Medyadan – Magazin alıntıları
Bak bu sefer İbni Sina’ya acıdım – Gönül Yazar hayalindeki erkeği tanımlamış – Ailenizin gazetesinden entel fikfik tarifi – Hıncal Uluç, güzellik yarışması hakkında diyor ki – Göğsünü 3.kez küçültecekmiş, demek ki... – Eğer en iyi lokanta İngilizse, ben de Şekspir’im – Televizyon seyircisi böyle eziyet görmedi – Kendini intihar mı etmiş yoksa kendini hastaneye mi kaldırmış ve deeermişim!
İBNİ SİNA’YA ACIDIM
Sabah gazetesi ikinci sayfasını Hülya Avşar’a ayırmış ‘Şöhret Hülya’nın peşinde’ diye. Kimin kimin peşinde olduğu tartışılır elbette ama, bu arada bir kutu, diyor ki ‘İbni Sina’nın felsefesini benimsedi’!
Vah vah, Sina’ya yani...
Sabah, 18 nisan
*
GÖNÜL YAZAR HAYALİNDEKİ ERKEĞİ TANIMLAMIŞ
- En başta köpeğimi sevecek,
- Temiz ve bakımlı olacak,
- En az bir yabancı dil bilecek,
- Koton gömlek giyecek ki, ikide bir gömlekleri buruşmasın,
- Sandaletleri, kemer ve ayakkabısı aynı renk olacak,
- Façası düzgün, eline yüzüne bakılır olacak.
- Çok parası olmasın ama hep benden gitmesin,
Ve son madde:
- Yaşı yaşıma yakın olsun ama benden genç olsun. 50-55 civarında olabilir.
Yaşı yaşıma yakın ama 50-55 olsun...
Taş Bebek’in beynindeki ‘YAKIN’ kavramı bayağı bir ‘UZAK’ demek ki...
Milliyet, 19 nisan
Not: Gönül Yazar’dan bahsedince, aklıma, bir zamanlar arkadaşım Berrin’in köşesinde okuduğum bir hadise geldi, şöyle yazmıştı Berrin:
Gönül Yazar TBMM’de
Dün sabah telefonda tanıdık bir ses sordu:
– Berrin Hanım, önceki gün sabaha karşı, saat 3’ü geçerken, Gönül Yazar Meclis’te söz alarak kürsüye gelmek istedi; duydunuz mu?
- Haydi canım, ne işi var Gönül Yazar’ın milletvekili dışında kimsenin giremediği Meclis Genel Kurulu’nda? Hem de gecenin 3’ünde?

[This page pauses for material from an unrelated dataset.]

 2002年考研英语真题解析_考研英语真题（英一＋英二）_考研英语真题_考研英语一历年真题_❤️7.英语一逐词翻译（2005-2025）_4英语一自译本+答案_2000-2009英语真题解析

– Anlatayım. Gece saat 3’tü. 13 saattir toplantı halinde olan milletvekilleri de, Genel Kurul’u yönetmekte olan Meclis Başkanvekili Murat Sökmenoğlu da yorgunluktan perişan haldeydik... Sökmenoğlu, söz isteyen milletvekillerinin adını okurken, DSP Amasya Milletvekili Gönül Saray Alphan diyeceğine "Gönül Yazar" deyiverdi... Sökmenoğlu özür diledi, Alphan da güldü geçti... (Milliyet, 8 Haziran 2001)
*
SERİN DURUŞ’tan araks
- Öz Büyücü (Etv'nin "The Wizard of Oz" çevirisi)
- Kendi albümümü beğenerek dinliyorum, ne de olsa kendi sesim gibi gelmiyor... (Esra Balamir)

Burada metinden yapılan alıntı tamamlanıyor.